- **How to complete this task**
Please restate word for word each line from the one containing "Genius Group Resumes" to the last line of the records below, and drop the pictures.
═════ Records for the task ═════
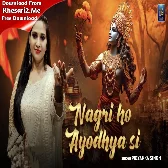 Nagri Ho Ayodhya Si (Priyanka Singh)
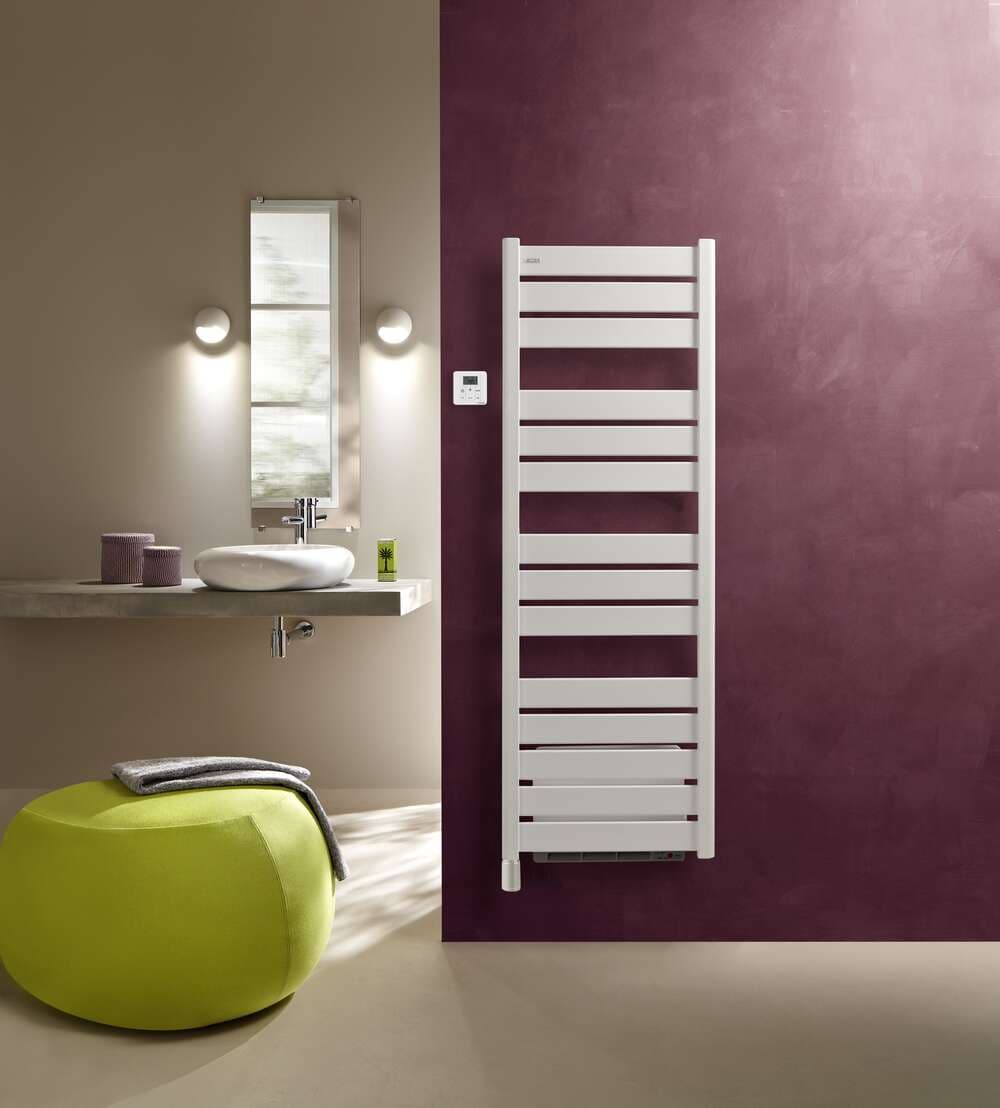 Radiateur Acova Madras + Air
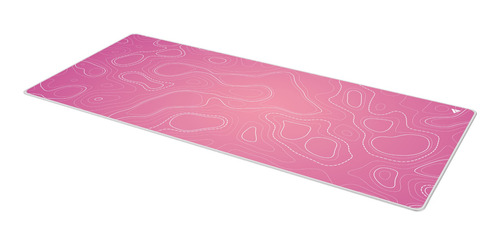 Mouse Pad Gamer Force One Skyhawk Sakura Xxl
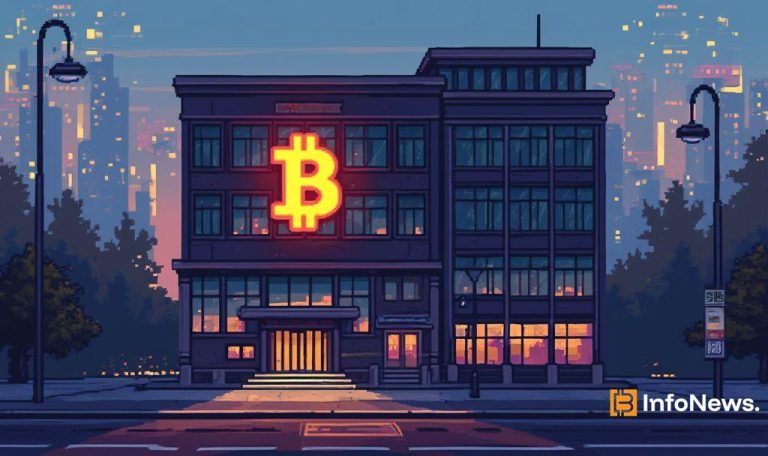 Genius Group Resumes Bitcoin Purchases After Court Ruling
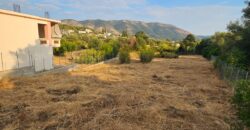 Plot of 1,821.35 sq.m. for sale. in Kastri Igoumenitsa. €19,500 (578)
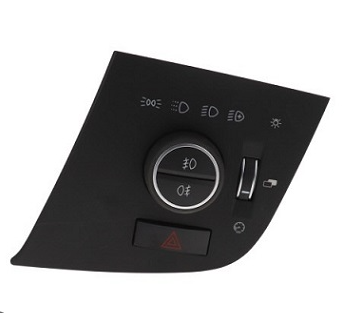 Control Panel Switch 22154333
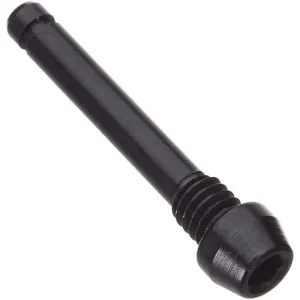 Сервісні запчастини PAD PIN/ECLIP TOP LOAD BLK - QTY 20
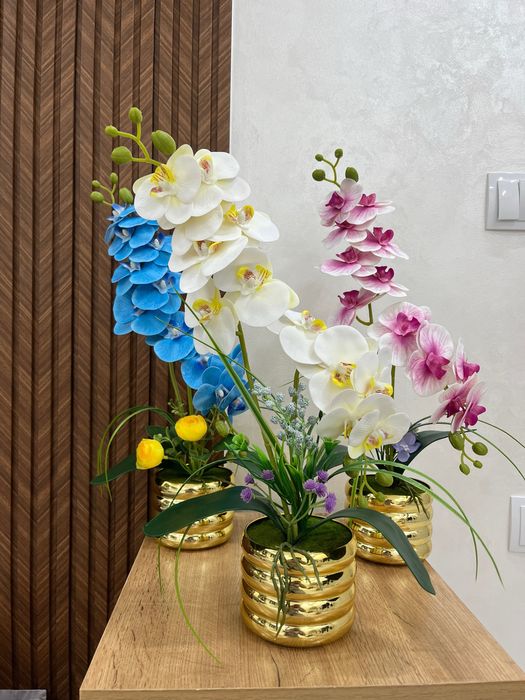 Decor gullar gulcicek_uz brendi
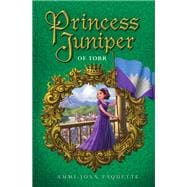 Princess Juniper of Torr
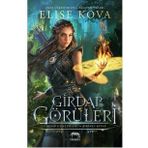 Girdap Görüleri Ciltli - Elise Kova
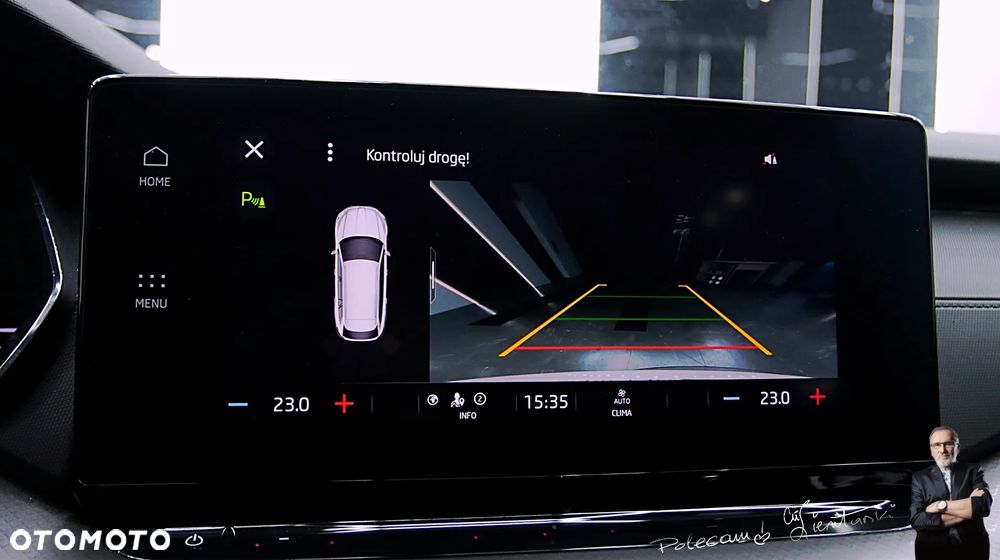 Skoda Octavia 2.0 TDI Ambition - 25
═════
- **Final answer**
 Genius Group Resumes Bitcoin Purchases After Court Ruling
 Plot of 1,821.35 sq.m. for sale. in Kastri Igoumenitsa. €19,500 (578)
 Control Panel Switch 22154333
 Сервісні запчастини PAD PIN/ECLIP TOP LOAD BLK - QTY 20
 Decor gullar gulcicek_uz brendi
 Princess Juniper of Torr
 Girdap Görüleri Ciltli - Elise Kova
 Skoda Octavia 2.0 TDI Ambition - 25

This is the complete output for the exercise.